= Your instructions =
Output the entries that follow character for character. Leave every image out.
Start of Data records
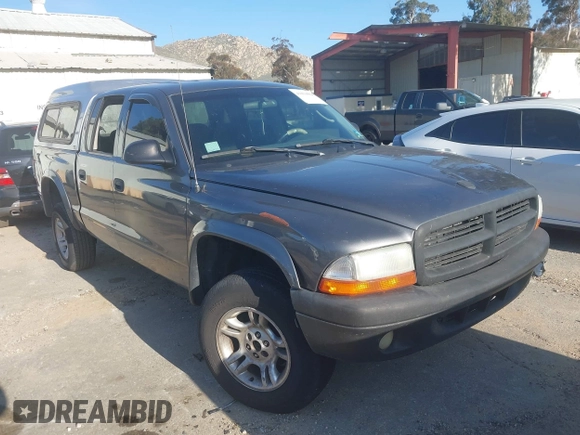 2003 Dodge Dakota SLT with VIN 1D7HG48N33S248568, listed as a IAAI auction lot 41834084 with 153,001 mi miles and . Bid and sale history available at DreamBid. Image 1.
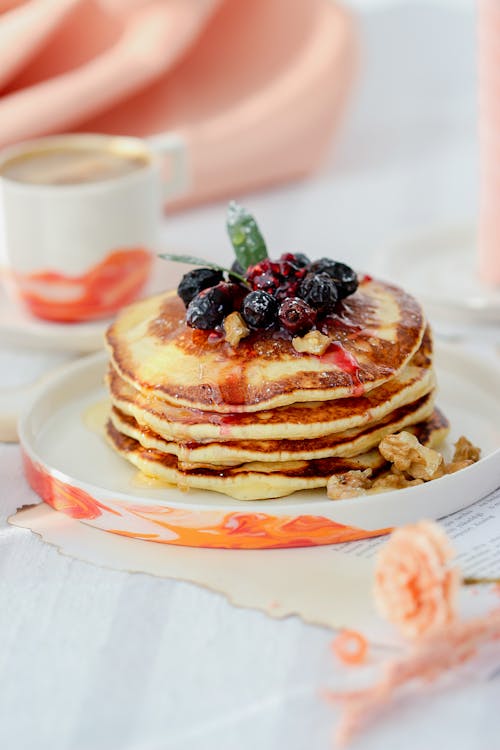 Free Pancakes with Berries and Marple Syrup  Stock Photo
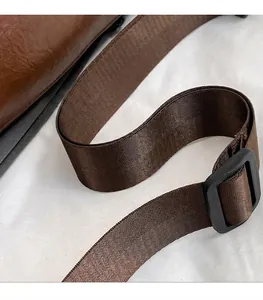 Dettaglio della tracolla regolabile in nylon e fibbia della borsa in pelle marrone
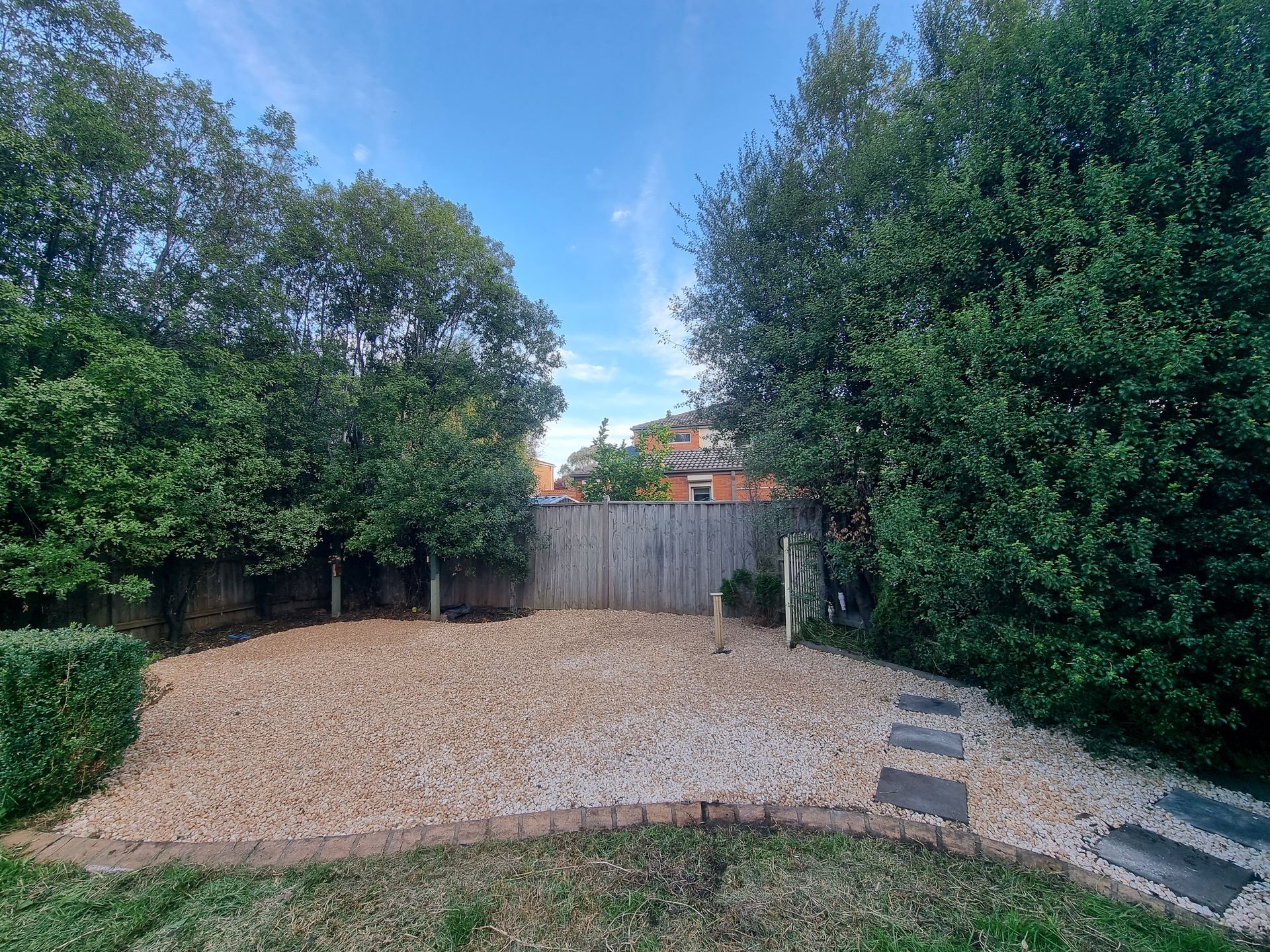 Backyard With a Gravel Area, Surrounding Trees — All Over Pool Removals in Upwey, VIC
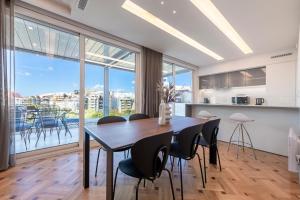 een keuken en eetkamer met een tafel en stoelen bij Phaedrus Living City Center Luxury Flat Neos Kosmos in Athene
End of Data records
= Answer for the task =
 2003 Dodge Dakota SLT with VIN 1D7HG48N33S248568, listed as a IAAI auction lot 41834084 with 153,001 mi miles and . Bid and sale history available at DreamBid. Image 1.
 Free Pancakes with Berries and Marple Syrup  Stock Photo
 Dettaglio della tracolla regolabile in nylon e fibbia della borsa in pelle marrone
 Backyard With a Gravel Area, Surrounding Trees — All Over Pool Removals in Upwey, VIC
 een keuken en eetkamer met een tafel en stoelen bij Phaedrus Living City Center Luxury Flat Neos Kosmos in Athene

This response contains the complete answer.